▶ Your goal: Write out each record again exactly as it stands.

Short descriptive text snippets

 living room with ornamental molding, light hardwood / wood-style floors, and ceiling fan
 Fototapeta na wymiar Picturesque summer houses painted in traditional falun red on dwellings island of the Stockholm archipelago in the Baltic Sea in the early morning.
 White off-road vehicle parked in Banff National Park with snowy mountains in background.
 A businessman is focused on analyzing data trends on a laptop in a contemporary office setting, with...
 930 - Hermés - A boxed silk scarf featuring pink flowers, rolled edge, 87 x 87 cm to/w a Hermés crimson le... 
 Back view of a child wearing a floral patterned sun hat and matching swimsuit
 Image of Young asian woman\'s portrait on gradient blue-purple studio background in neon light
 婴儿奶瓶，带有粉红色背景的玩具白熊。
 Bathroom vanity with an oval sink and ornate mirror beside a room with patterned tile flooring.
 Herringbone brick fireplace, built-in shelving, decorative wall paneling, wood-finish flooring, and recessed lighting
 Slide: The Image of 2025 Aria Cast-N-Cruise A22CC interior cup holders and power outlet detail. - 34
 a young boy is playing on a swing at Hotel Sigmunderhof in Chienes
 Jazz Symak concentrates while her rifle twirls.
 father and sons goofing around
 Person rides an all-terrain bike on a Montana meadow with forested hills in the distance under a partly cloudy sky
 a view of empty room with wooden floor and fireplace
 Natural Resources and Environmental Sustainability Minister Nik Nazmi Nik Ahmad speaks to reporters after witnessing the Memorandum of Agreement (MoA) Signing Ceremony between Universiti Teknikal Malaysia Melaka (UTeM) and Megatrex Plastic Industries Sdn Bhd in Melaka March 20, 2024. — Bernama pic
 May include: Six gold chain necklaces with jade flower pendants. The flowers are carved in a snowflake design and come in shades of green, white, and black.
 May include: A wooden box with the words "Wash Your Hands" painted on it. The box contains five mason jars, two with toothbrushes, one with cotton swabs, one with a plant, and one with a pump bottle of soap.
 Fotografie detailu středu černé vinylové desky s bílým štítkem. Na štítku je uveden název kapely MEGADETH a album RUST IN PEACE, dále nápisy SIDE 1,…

▶ Reply to the task:
 living room with ornamental molding, light hardwood / wood-style floors, and ceiling fan
 Fototapeta na wymiar Picturesque summer houses painted in traditional falun red on dwellings island of the Stockholm archipelago in the Baltic Sea in the early morning.
 White off-road vehicle parked in Banff National Park with snowy mountains in background.
 A businessman is focused on analyzing data trends on a laptop in a contemporary office setting, with...
 930 - Hermés - A boxed silk scarf featuring pink flowers, rolled edge, 87 x 87 cm to/w a Hermés crimson le... 
 Back view of a child wearing a floral patterned sun hat and matching swimsuit
 Image of Young asian woman\'s portrait on gradient blue-purple studio background in neon light
 婴儿奶瓶，带有粉红色背景的玩具白熊。
 Bathroom vanity with an oval sink and ornate mirror beside a room with patterned tile flooring.
 Herringbone brick fireplace, built-in shelving, decorative wall paneling, wood-finish flooring, and recessed lighting
 Slide: The Image of 2025 Aria Cast-N-Cruise A22CC interior cup holders and power outlet detail. - 34
 a young boy is playing on a swing at Hotel Sigmunderhof in Chienes
 Jazz Symak concentrates while her rifle twirls.
 father and sons goofing around
 Person rides an all-terrain bike on a Montana meadow with forested hills in the distance under a partly cloudy sky
 a view of empty room with wooden floor and fireplace
 Natural Resources and Environmental Sustainability Minister Nik Nazmi Nik Ahmad speaks to reporters after witnessing the Memorandum of Agreement (MoA) Signing Ceremony between Universiti Teknikal Malaysia Melaka (UTeM) and Megatrex Plastic Industries Sdn Bhd in Melaka March 20, 2024. — Bernama pic
 May include: Six gold chain necklaces with jade flower pendants. The flowers are carved in a snowflake design and come in shades of green, white, and black.
 May include: A wooden box with the words "Wash Your Hands" painted on it. The box contains five mason jars, two with toothbrushes, one with cotton swabs, one with a plant, and one with a pump bottle of soap.
 Fotografie detailu středu černé vinylové desky s bílým štítkem. Na štítku je uveden název kapely MEGADETH a album RUST IN PEACE, dále nápisy SIDE 1,…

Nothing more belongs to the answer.